La masse de AB Aurigae b représente environ 9 fois celle de Jupiter et orbite à 13.9 milliards de kilomètres de son étoile, soit plus de trois fois la distance entre le Soleil et Neptune. La formation d'une protoplanète aussi lointaine et massive ne peut pas s'expliquer uniquement par le modèle standard de formation par accrétion du noyau. En effet, dans ce modèle, la formation d'une planète géante gazeuse semblable à Jupiter commence par un noyau rocheux situé dans un disque protoplanétaire qui accrète le gaz. Les noyaux rocheux ne se forment pas si loin de l'étoile centrale. Par conséquent, ce modèle n'explique pas la formation de planètes très éloignées de leur étoile.

En revanche, la théorie de la migration planétaire (le modèle de Nice et la théorie du Grand Tack, voir page 8) suggère qu'après leur formation, des planètes peuvent se rapprocher ou s'éloigner de leur étoile hôte, ou se disperser. Cependant, la découverte d'AB Aurigae b indique que des protoplanètes géantes peuvent se former loin de leur étoile avant qu'une telle migration planétaire ne se produise.

Au lieu de l'accrétion du noyau, la formation d'AB Aurigae b peut s'expliquer par l'instabilité du disque : un processus dans lequel un disque protoplanétaire gazeux massif se refroidit et se brise en un ou plusieurs fragments de masse planétaire qui s'effondrent.

MWC 758

Le système MWC 758 alias HD 36112 est situé à moins de 500 années-lumière dans le Taureau. L'étoile de type Herbig AeBe est entourée d'un disque protoplanétaire asymétrique. Il présente une cavité excentrée, trois anneaux, deux bras spiralés et deux agglomérats (clumps).

Après avoir étudié pendant 10 ans, les chercheurs ont pu estimé la vitesse de rotation des bras (cf. Bin Ren et al., 2018). Il ont constaté que les bras spiralés sont influencés et en corotation avec un astre invisible de masse planétaire qui entraîne les bras. Après avoir encodé ces données dans un modèle protoplanétaire, Ren et ses collègues estiment que l'emplacement le plus probable de l'explanète se situe sur l'orbite représentée par le cercle "best-fit" situé à 89 UA de l'étoile, juste à l'extérieur des bras spiralés.

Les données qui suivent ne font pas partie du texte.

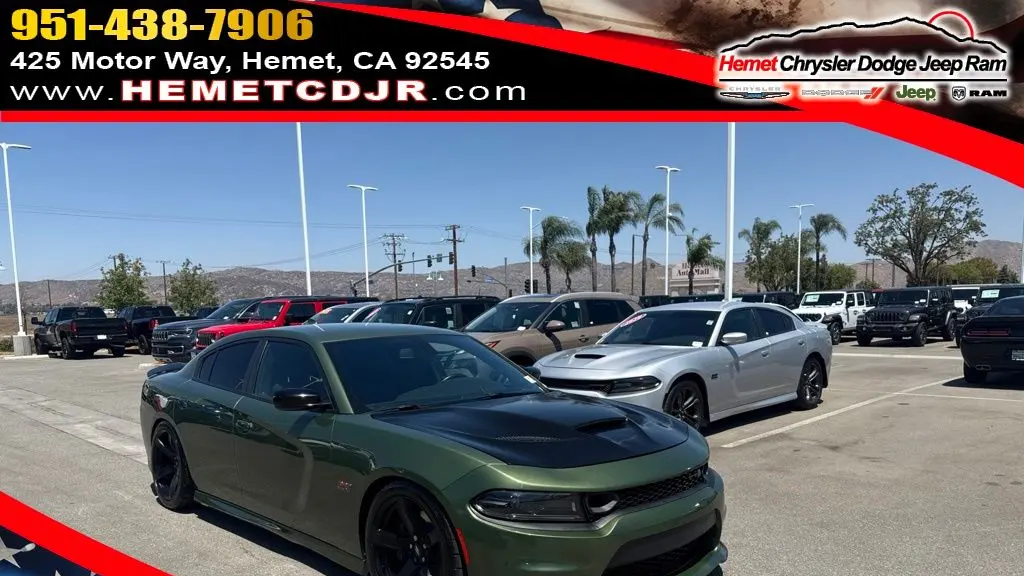 Preowned 2023 Dodge Charger Scat Pack for Sale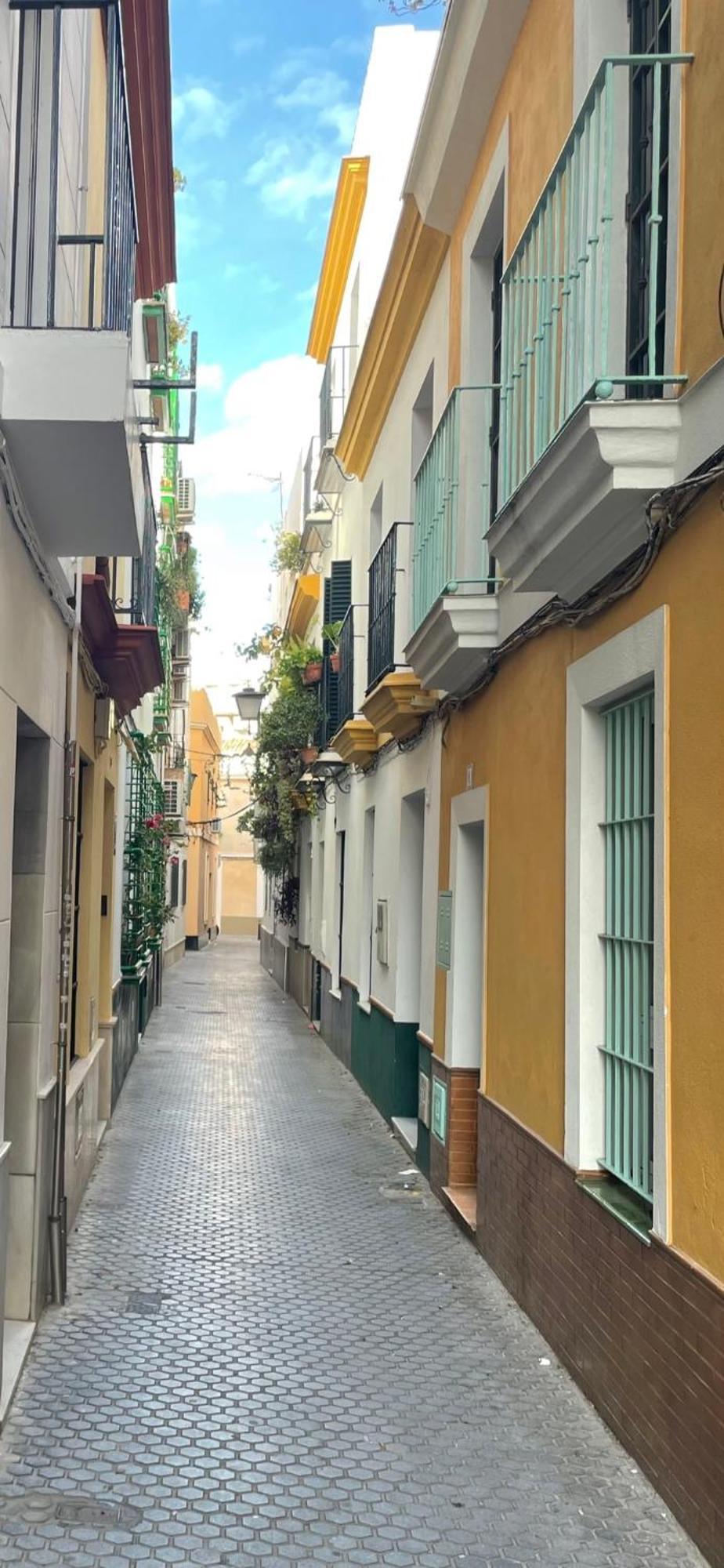 Arco Macarena Apartman Sevilla Kültér fotó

Rester à présent à essayer de la localiser, ce qui peut prendre quelques années.

A gauche, le disque en spirale entourant l'étoile HD 135344B située à environ 450 années-lumière dans la constellation du Loup photographié en 2016 en infrarouge par l'instrument SPHERE du VLT. Au centre, le disque en spirale entourant l'étoile SAO 206462 située à environ 460 années-lumière dans la constellation du Loup photographié en 2012 grâce au télescope Subaru. La spirale s'étend sur 160 UA ou ~23 milliards de km soit l'équivalent de deux fois le diamètre de l'orbite de Pluton. Les simulations indiquent qu'une exoplanète serait en cours de formation dans le secteur sud-est de l'image, à la base de l'échancrure sombre qui s'étend dans le secteur nord-est. A droite, le disque protoplanétaire MWC 758 situé à moins de 500 années-lumière. Documents T.Stolker et al./ESO, NAOJ/Subaru et Bin Ren et al./ESO/ALMA.

Elias 2-27

Un autre exemple est le système Elias 2-27 présenté ci-dessous située à 470 années-lumière dans Ophiuchus (Serpentaire). L'image fut reconstruit par le radiotélescope ALMA en 2016. Cette structure très massive en spirale est appelée un disque autogravitant (c'est sa propre gravité qui lui donne sa forme, le même principe s'appliquant à une étoile ou une planète) et montre la formation d'une planète "en action" par le biais d’un mécanisme que l'on croyait improbable. C'est la première fois qu'ALMA observait une structure en spirale jusque dans le disque interne ainsi que la signature d'ondes de densité spiralées.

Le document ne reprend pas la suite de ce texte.